Pilgrimage to Where?
Somewhere along the way Christians seem to have decided that the goal of a consecrated life was to escape this world. What's that about? Didn't God create this world and us as a part of it?
As I've started to grow in a missional way of seeing things, I've gone back to re-evaluate some of the familiar metaphor that has shaped my life to this point. One in particular is the metaphor of pilgrimage.
My fore-parents sang the song "I'm on My Way to Canaan Land." The song admonishes that even "if my mother don't go I'll [need to] journey on." They also told me that "this world is not my home." It is with these presuppositions that I set out with John Bunyan's Christian, leaving behind the City of Destruction, which I interpreted to be "this world and all it has to offer me," in search of the Celestial City, which I assumed would be Heaven. With a theology such as this, no wonder escape-the-world, ignore-the-world or exploit-the-world's-resources seems consistent with the save-the-world calling most Christians also claim.

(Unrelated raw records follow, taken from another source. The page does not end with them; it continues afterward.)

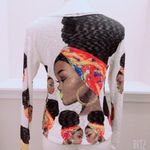 Love j Top Afro Bun Loose Knit Sweater Off-White Size S NWT Photo 4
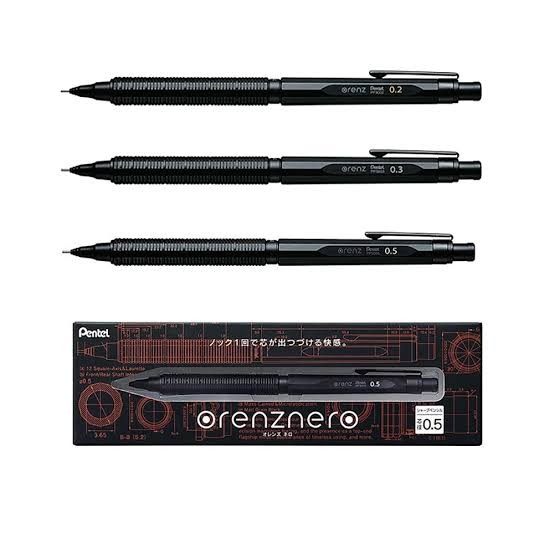 Pentel Orenz Nero Karbon Gövde Mekanik Kurşun Kalem - Red Panda TR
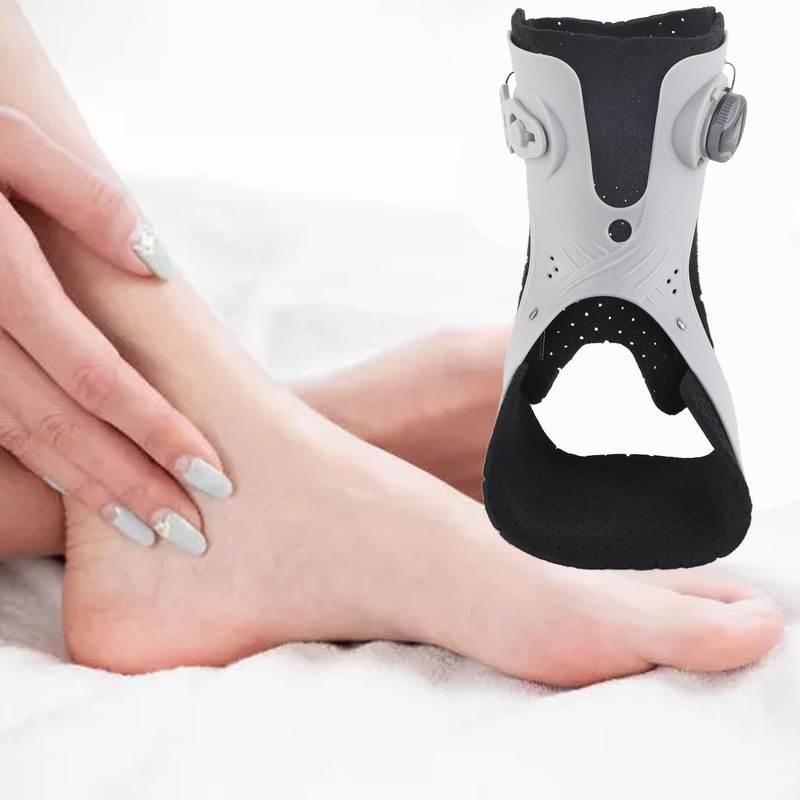 Ankle Stabilizer Adjustable Breathable Pain Reduce Portable Drop Foot Orthosis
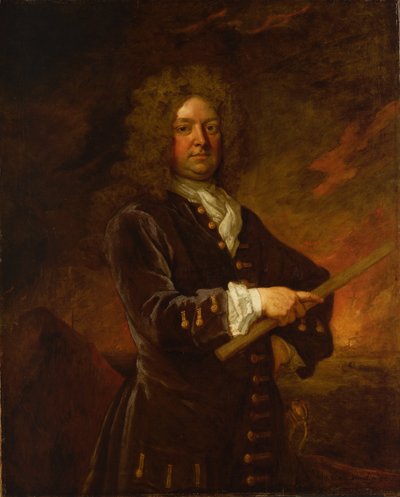 Vicealmirante Sir John Leake (1656-1720), finales del siglo XVII-principios del XVIII (óleo) de Godfrey Kneller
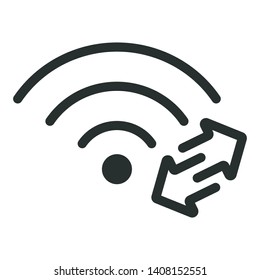 wireless internet - minimal line web icon. simple vector illustration. concept for infographic, website or app.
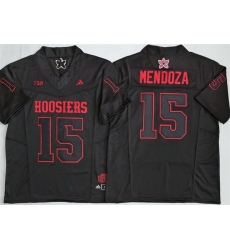 Men Indiana Hoosiers 15 Fernando Mendoza Black F U S E  Stitched Basketball Jersey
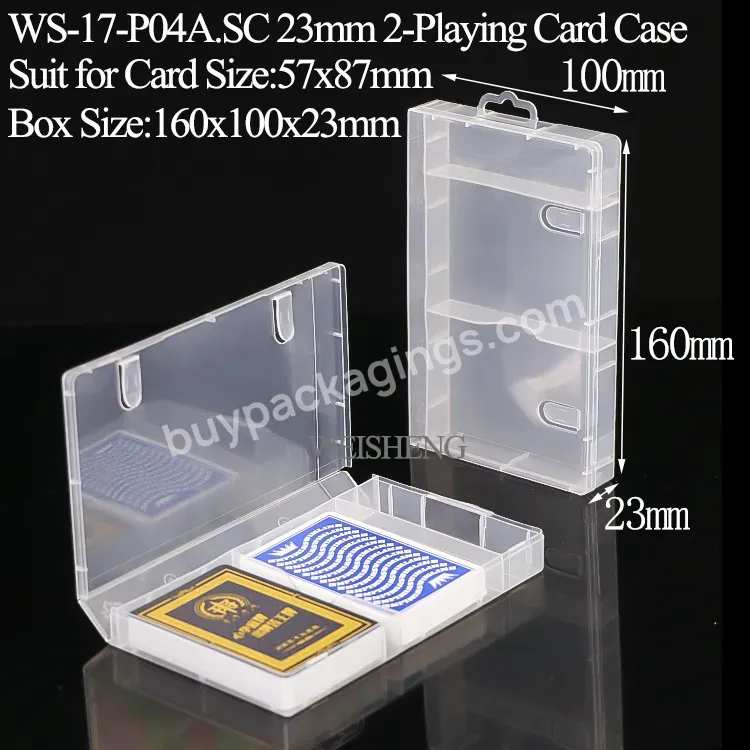 Carte Poker Boxes 2 Grid Playing Card Storage Box Plastic Empty Gaming Tarrot Card Cases Holder Organizer For Pokemon Clear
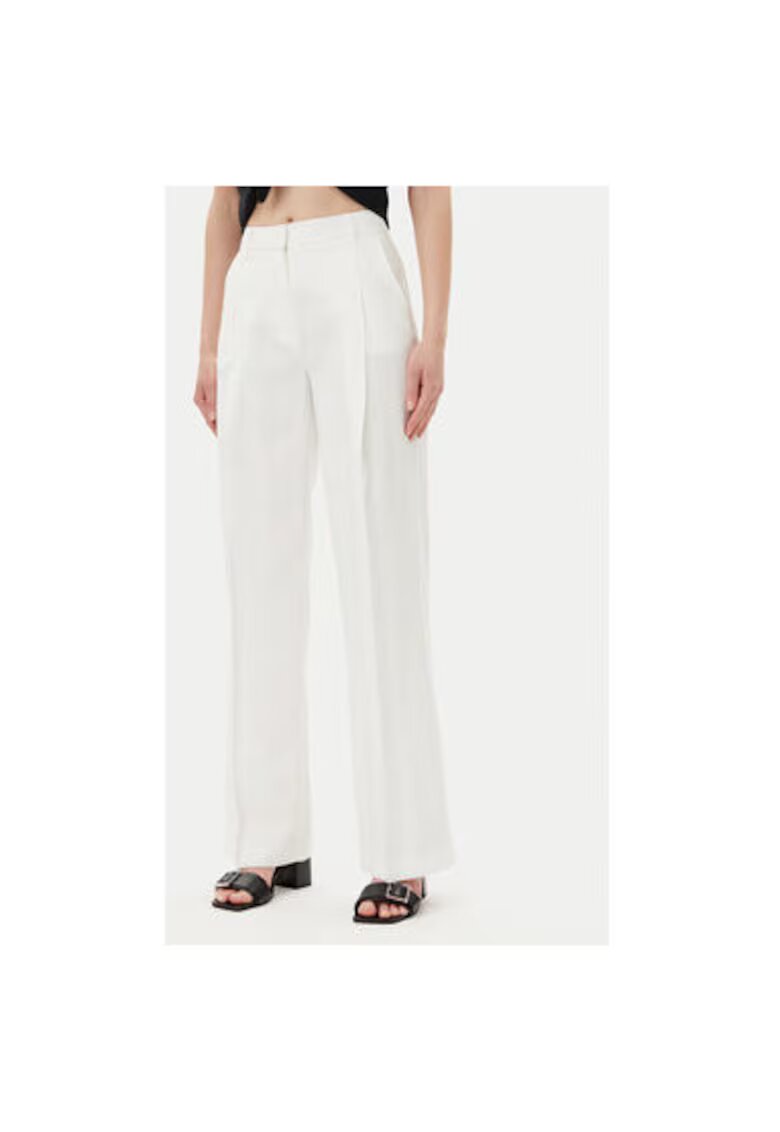 Silvian Heach Pantaloni dama GPP25374PA - Viscoza/Poliester - Alb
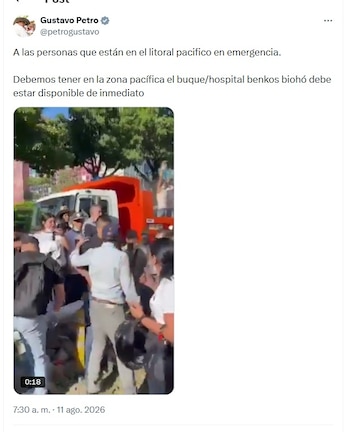 - crédito @petrogustavo/X
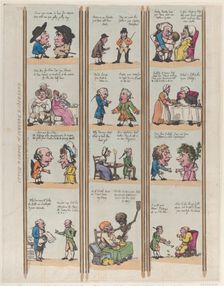 Grotesque Borders for Rooms & Halls, Plate 15, 1799., 1799. Creator: Thomas Rowlandson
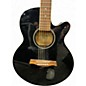 Used Ibanez AEG4JP Black Acoustic Guitar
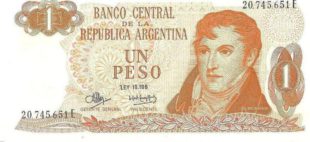 1 песо Республика Аргентина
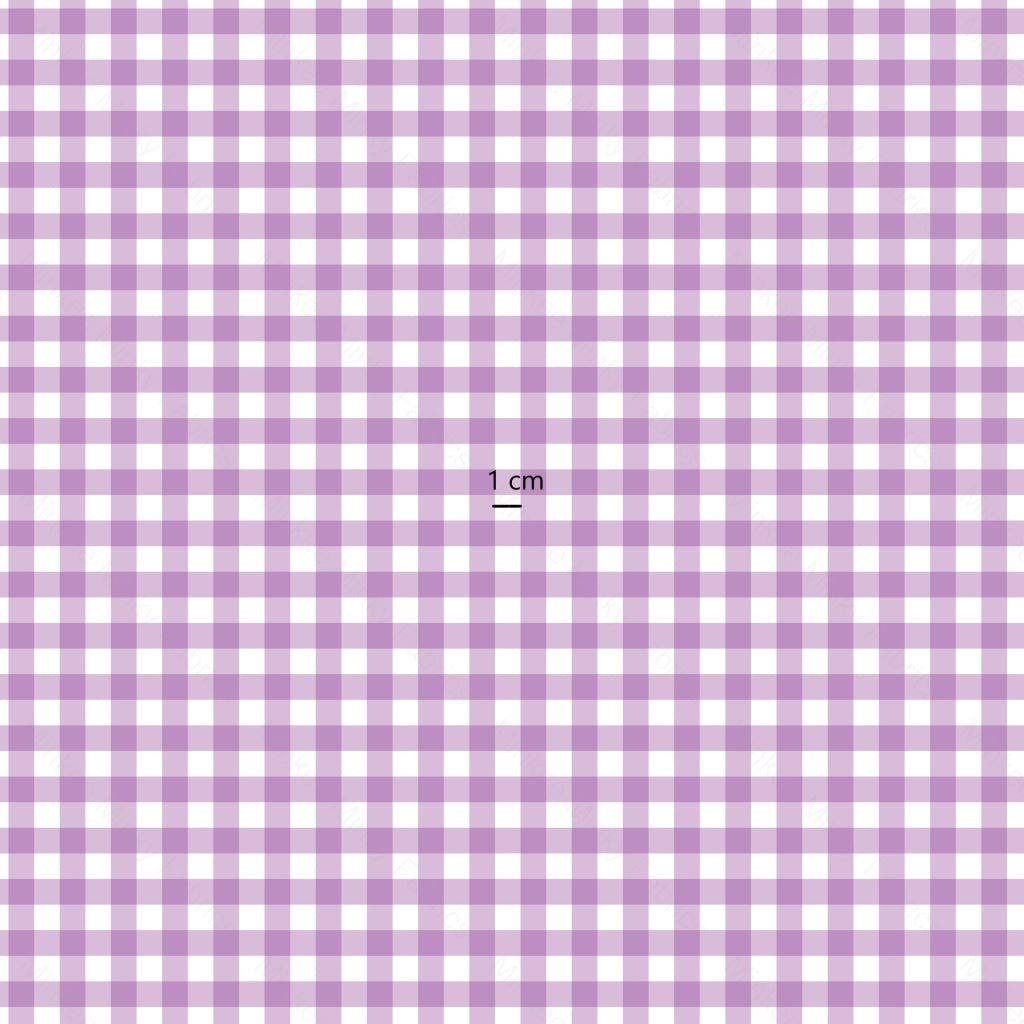 Lavender Gingham (January Pre-Order) - Fabric Digital Preorder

Nowadays I don't interpret things quite the same way, but instead of dismissing my former conceptions as total bunk (which seems to me even more ridiculous) I've chosen rather to reframe my understanding of this pilgrim metaphor that has been handed down to me. What if "Canaan Land"—our metaphoric Promised Land (as pledged by God to the Jews)—is not heaven but the earth made new? It's not such a novel idea; the biblical canon ends with this thought. Taking it a step further, what if the journey from this world to the next that Moses and Mohammad and the Buddha and Confucius and (in my estimation most fully) Jesus embodied is not an abandonment of the world as it is but an embrace of all she was created to become? Our pilgrimage then would be in our hopefully ever-expanding ability to perceive and understand and embrace and appreciate this new world... and to help bring it into existence.
I don't know about you, but I find such thoughts wonderfully liberating and pregnant with possibility. It also makes me wonder whether my previously more narrow and flattened interpretations of the truths hand down to me hasn't been a diminution of my forebears wisdom: my own self-serving ideas of what was meant and not actually what was being communicated to me.